For this year’s AWP in Boston, the relatively new Imaginary Friend Press released Alessandrelli’s People are Places are Places are People. While the artifact is a bit more in line with a no frills D.I.Y. aesthetic (as opposed to Poor Claudia’s more artisan approach), the collection contains some of Alessandrelli’s strongest poems. Two of my favorites are the opener, “Understanding Marcel Duchamp,” which reads:
One morning—I’m not sure why, maybe some type of lack or definition of half-tawdry want—I woke up, saw my neighbor’s bike lying in his driveway and just beat the shit out of it, just pummeled and crumbled and wracked and irrevocably dismantled it until what it was couldn’t even be called “bike” anymore; it was something else entirely. Then I went to work. When I got home that night my neighbor’s driveway was empty, his garage closed. The bike was gone, all its recognizable parts absent, vanished, shaped into new and heretofore incalculable realities. (1)
And two poems later, “Understanding Mina Loy (Everything, Everything, Everything)”:
I will refrain from discussing
the role of the lover.

Always burn the sheets
after you fuck in them. (4)
In the Elisa Gabbert-penned introduction to the collection, we’re told that an Alessendrelli poem is like “a place where you can know something but not believe, and vice versa; a place where understanding is not deeper knowledge but an alternative kind of access.” Or, as Gabbert, states later, these poems do “not tell us what [the poet] know, but to find out” something about ourselves while reading them. Indeed, when reading these poems, we enter into a process of discovery with the poet.
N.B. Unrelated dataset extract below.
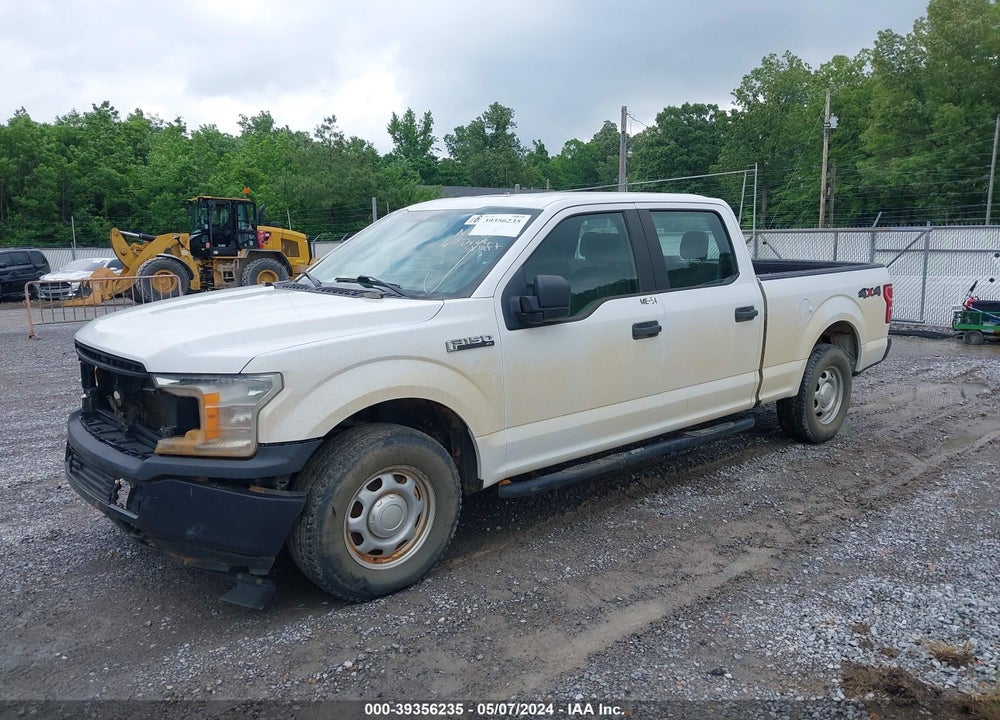 2019 FORD F-150 XL VIN: 1FTFW1E55KKD31036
And just this month, the newly minted Both Books released a third Alessandrelli chapbook: A Lover’s History of Nevada. In this collection, the poet (a Reno, NV native) creates a liminal space filed with poetry, fiction, and historical non-fiction collaged into an off-beat guide to the Silver State. Take, for instance, the chapbook’s first piece:
Upon birth we slap the cheeks of every infant in Nevada until they bleed. To make sure he wasn’t born a wizard. To make sure she wasn’t born a witch. The old saying Go Fuck Your Soul means little in Nevada: forks weren’t introduced to our citizens until the mid-80’s, sandals didn’t arrive until just after the new millennium. In Nevada Y2K was a water rat that gnawed out the side of its cage and died quietly. A red sports car without wheels. The Humboldt River has no actual outlet to the ocean; it simply sinks into the ground, feeding a massive underground aquifer. The largest single public works project in the history of the nation, Hoover Dam contains 3.25 million cubic yards of concrete. In Nevada. How the bike tires and automobile tires ravish and splendor the pavement, the concrete, the desert sands as they make their every way to Burning Man, the largest annual experiment in temporary community dedicated to radical self-expression and radical self-reliance the whole world over. We are a state of grievous angels, each of us ceaselessly attempting to burn our wings for nothing but the sheer sake of spectacle. You go first. Wait for me. (1)
The collection proceeds in similar fashion and, as Alexis Orgera writes of the book, creates an “amalgam of factoid, mythos, and rhythm” that “pays homage to [the poet’s] home state, exploring its landscape and the relationships therein through various states of being.”

Alessandrelli’s full-length collection The Last Time Will Be The First Time, will be published by Burnside Books later this year. If you live in or around Ohio, you’ll be able to catch Alessandrelli read at The Big Big Mess in Akron, OH on May 10 or in Columbus, OH on May 11 at North High Brewing.